- [Exercise instructions] The required output is the full listing below, reproduced word for word.

- [Data in this exercise]
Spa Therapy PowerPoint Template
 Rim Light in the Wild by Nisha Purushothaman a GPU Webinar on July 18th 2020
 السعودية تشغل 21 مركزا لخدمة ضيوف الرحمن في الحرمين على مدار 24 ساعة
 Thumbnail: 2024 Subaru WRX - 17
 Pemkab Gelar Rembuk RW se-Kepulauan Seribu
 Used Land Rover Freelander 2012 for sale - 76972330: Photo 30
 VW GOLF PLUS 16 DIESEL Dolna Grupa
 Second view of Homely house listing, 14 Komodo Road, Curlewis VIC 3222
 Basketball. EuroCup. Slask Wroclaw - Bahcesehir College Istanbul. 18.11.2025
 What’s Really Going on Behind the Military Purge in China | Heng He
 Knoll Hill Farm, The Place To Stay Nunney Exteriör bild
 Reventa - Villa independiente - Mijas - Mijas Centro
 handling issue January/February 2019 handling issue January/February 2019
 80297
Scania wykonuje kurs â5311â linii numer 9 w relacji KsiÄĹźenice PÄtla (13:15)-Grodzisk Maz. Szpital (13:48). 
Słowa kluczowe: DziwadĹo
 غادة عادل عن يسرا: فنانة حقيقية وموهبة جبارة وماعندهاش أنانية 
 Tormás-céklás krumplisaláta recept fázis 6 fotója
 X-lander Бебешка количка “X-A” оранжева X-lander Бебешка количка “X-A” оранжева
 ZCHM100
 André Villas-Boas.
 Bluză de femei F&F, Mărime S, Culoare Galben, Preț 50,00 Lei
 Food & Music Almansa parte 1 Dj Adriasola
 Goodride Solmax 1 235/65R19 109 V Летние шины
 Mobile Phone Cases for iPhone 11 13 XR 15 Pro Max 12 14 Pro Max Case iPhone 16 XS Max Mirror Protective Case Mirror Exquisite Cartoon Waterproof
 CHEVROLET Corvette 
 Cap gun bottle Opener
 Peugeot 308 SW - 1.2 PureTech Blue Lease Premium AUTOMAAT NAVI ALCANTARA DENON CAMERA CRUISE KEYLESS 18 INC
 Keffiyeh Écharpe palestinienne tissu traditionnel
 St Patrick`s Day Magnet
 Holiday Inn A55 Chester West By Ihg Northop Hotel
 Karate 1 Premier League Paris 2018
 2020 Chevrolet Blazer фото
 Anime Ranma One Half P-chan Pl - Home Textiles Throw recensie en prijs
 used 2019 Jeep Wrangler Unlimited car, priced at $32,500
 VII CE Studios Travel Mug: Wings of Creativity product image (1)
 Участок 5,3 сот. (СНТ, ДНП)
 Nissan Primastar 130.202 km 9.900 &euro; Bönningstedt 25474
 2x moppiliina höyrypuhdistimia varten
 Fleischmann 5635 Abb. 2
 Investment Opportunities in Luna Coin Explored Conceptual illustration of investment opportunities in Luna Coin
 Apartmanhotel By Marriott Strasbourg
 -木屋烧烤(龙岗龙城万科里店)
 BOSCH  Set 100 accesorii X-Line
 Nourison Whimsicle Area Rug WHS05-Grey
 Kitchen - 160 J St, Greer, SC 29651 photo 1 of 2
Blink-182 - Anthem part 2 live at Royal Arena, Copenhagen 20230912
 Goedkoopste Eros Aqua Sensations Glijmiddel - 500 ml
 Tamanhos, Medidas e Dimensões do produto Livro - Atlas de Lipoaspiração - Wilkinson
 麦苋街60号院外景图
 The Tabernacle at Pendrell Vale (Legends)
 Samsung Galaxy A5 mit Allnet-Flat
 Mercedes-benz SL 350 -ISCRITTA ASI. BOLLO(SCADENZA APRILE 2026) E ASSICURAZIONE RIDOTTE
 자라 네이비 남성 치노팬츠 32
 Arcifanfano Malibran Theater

- [Answer box]
Spa Therapy PowerPoint Template
 Rim Light in the Wild by Nisha Purushothaman a GPU Webinar on July 18th 2020
 السعودية تشغل 21 مركزا لخدمة ضيوف الرحمن في الحرمين على مدار 24 ساعة
 Thumbnail: 2024 Subaru WRX - 17
 Pemkab Gelar Rembuk RW se-Kepulauan Seribu
 Used Land Rover Freelander 2012 for sale - 76972330: Photo 30
 VW GOLF PLUS 16 DIESEL Dolna Grupa
 Second view of Homely house listing, 14 Komodo Road, Curlewis VIC 3222
 Basketball. EuroCup. Slask Wroclaw - Bahcesehir College Istanbul. 18.11.2025
 What’s Really Going on Behind the Military Purge in China | Heng He
 Knoll Hill Farm, The Place To Stay Nunney Exteriör bild
 Reventa - Villa independiente - Mijas - Mijas Centro
 handling issue January/February 2019 handling issue January/February 2019
 80297
Scania wykonuje kurs â5311â linii numer 9 w relacji KsiÄĹźenice PÄtla (13:15)-Grodzisk Maz. Szpital (13:48). 
Słowa kluczowe: DziwadĹo
 غادة عادل عن يسرا: فنانة حقيقية وموهبة جبارة وماعندهاش أنانية 
 Tormás-céklás krumplisaláta recept fázis 6 fotója
 X-lander Бебешка количка “X-A” оранжева X-lander Бебешка количка “X-A” оранжева
 ZCHM100
 André Villas-Boas.
 Bluză de femei F&F, Mărime S, Culoare Galben, Preț 50,00 Lei
 Food & Music Almansa parte 1 Dj Adriasola
 Goodride Solmax 1 235/65R19 109 V Летние шины
 Mobile Phone Cases for iPhone 11 13 XR 15 Pro Max 12 14 Pro Max Case iPhone 16 XS Max Mirror Protective Case Mirror Exquisite Cartoon Waterproof
 CHEVROLET Corvette 
 Cap gun bottle Opener
 Peugeot 308 SW - 1.2 PureTech Blue Lease Premium AUTOMAAT NAVI ALCANTARA DENON CAMERA CRUISE KEYLESS 18 INC
 Keffiyeh Écharpe palestinienne tissu traditionnel
 St Patrick`s Day Magnet
 Holiday Inn A55 Chester West By Ihg Northop Hotel
 Karate 1 Premier League Paris 2018
 2020 Chevrolet Blazer фото
 Anime Ranma One Half P-chan Pl - Home Textiles Throw recensie en prijs
 used 2019 Jeep Wrangler Unlimited car, priced at $32,500
 VII CE Studios Travel Mug: Wings of Creativity product image (1)
 Участок 5,3 сот. (СНТ, ДНП)
 Nissan Primastar 130.202 km 9.900 &euro; Bönningstedt 25474
 2x moppiliina höyrypuhdistimia varten
 Fleischmann 5635 Abb. 2
 Investment Opportunities in Luna Coin Explored Conceptual illustration of investment opportunities in Luna Coin
 Apartmanhotel By Marriott Strasbourg
 -木屋烧烤(龙岗龙城万科里店)
 BOSCH  Set 100 accesorii X-Line
 Nourison Whimsicle Area Rug WHS05-Grey
 Kitchen - 160 J St, Greer, SC 29651 photo 1 of 2
Blink-182 - Anthem part 2 live at Royal Arena, Copenhagen 20230912
 Goedkoopste Eros Aqua Sensations Glijmiddel - 500 ml
 Tamanhos, Medidas e Dimensões do produto Livro - Atlas de Lipoaspiração - Wilkinson
 麦苋街60号院外景图
 The Tabernacle at Pendrell Vale (Legends)
 Samsung Galaxy A5 mit Allnet-Flat
 Mercedes-benz SL 350 -ISCRITTA ASI. BOLLO(SCADENZA APRILE 2026) E ASSICURAZIONE RIDOTTE
 자라 네이비 남성 치노팬츠 32
 Arcifanfano Malibran Theater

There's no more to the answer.